Qualche esempio pratico, a mo’ di conclusione. Dobbiamo pregare all’inizio di un pasto o ci viene richiesto di benedire un oggetto di devozione (un rosario, una immagine); non abbiamo a portata di mano il Benedizionale; senza perderci d’animo si metta in pratica la Lex orandi completando con parole semplici e piene di fede i quattro passaggi tipici di ogni orazione:
a.       a. benedizione al Padre: Benedetto sii tu, o Padre, origine e fonte di ogni benedizione, che ti compiaci della crescita spirituale dei tuoi figli;
b.      b. memoriale dell’opera salvifica del Figlio: nel mistero ineffabile del Cristo tuo Figlio, mite e umile di cuore, hai distrutto la morte e ci hai aperto la via dell’eterna salvezza;
c.       c. epiclesi o invocazione dello Spirito Santo: effondi su di noi la potenza vivificante del tuo Santo Spirito perché faccia di noi l’immagine vivente del tuo amore invisibile.
d.      d. dossologia: A te gloria e benedizione con lo Spirito Santo nella tua santa Chiesa per mezzo del Figlio tuo e Signore nostro ora e nei secoli dei secoli.
La struttura cristologico-trinitaria della preghiera, il duplice movimento della liturgia, collocano ogni nostra azione in tensione dialogica con la historia salutis, con la rivelazione fatta da Dio con parole ed opere e culminata nel dono di Cristo e dello Spirito. «Con questa rivelazione Dio invisibile (cf Col 1,15; 1 Tm 1,17) nel suo grande amore parla agli uomini come ad amici (cf Es 33,11; Gv 15,14-15) e si intrattiene con essi (cf Bar 3,38)» (DV 2). «Quando preghiamo parliamo a Lui; Lui ascoltiamo quando leggiamo gli oracoli divini» (DV 25). Il dialogo della nostra salvezza è fatto dunque di ascolto e di lode; se nell’ascolto Dio parla a noi come ad amici, nella lode noi come figli «per mezzo di Cristo, Verbo fatto carne, nello Spirito Santo abbiamo accesso al Padre e siamo resi partecipi della divina natura (cf Ef 2,18; 2 Pt 1,4)» (DV 2).
SPIRITUALITÀ LITURGICA
Prof. Paolo Giglioni





[1][6] Anche il decreto sull’ecumenismo, parlando della tradizione liturgica e spirituale degli Orientali che si esprime soprattutto nella celebrazione eucaristica, dice che attraverso tale celebrazione i fedeli «hanno accesso al Padre per mezzo del Figlio, Verbo incarnato, morto e glorificato, nell’effusione dello Spirito Santo, ed entrano in comunione con la Santissima Trinità» (Unitatis redintegratio 15).

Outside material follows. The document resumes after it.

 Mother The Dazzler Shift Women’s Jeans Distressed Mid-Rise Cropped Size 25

[2][7] Questa espressione, attribuita a Prospero di Aquitania (390-460), significa: «La legge (= norma) del pregare stabilisce la legge del credere»; la fede regola la preghiera e la preghiera regola la fede; se si prega bene, e soprattutto con contenuti esatti, anche la fede sarà salda e senza eresie.
[3][8] Mai nella Liturgia allo Spirito Santo è attribuita un’opera di mediazione; per il semplice motivo che Mediatore è solo colui che si è incarnato, il Figlio, divenendo così strumento, con la sua umanità assunta, della nostra redenzione. Diceva S. Atanasio: «nessuna realtà è redenta se non viene assunta»; solo Colui che assume la nostra realtà umana è nostro Redentore, in obbedienza al Padre che vuole che tutti siano salvati (1 Tm 2,4) ed in comunione con lo Spirito santificatore.

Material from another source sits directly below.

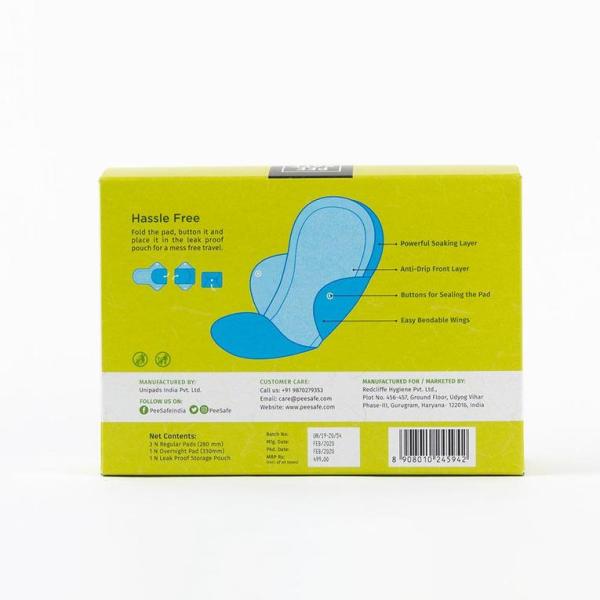 Pee Safe - Reusable Sanitary Pads | 5N (3 Regular Pads + 1 Overnight Pad + 1 Leak Proof Pouch)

[4][9] La Pentecoste non è la festa dello Spirito Santo, allo stesso modo che il Natale non è la festa del Figlio. Ogni festa è sempre celebrazione dell’iniziativa salvifica del Padre, attuata nel mistero di incarnazione-morte-risurrezione del Figlio, prolungata nel tempo dall’azione santificante dello Spirito.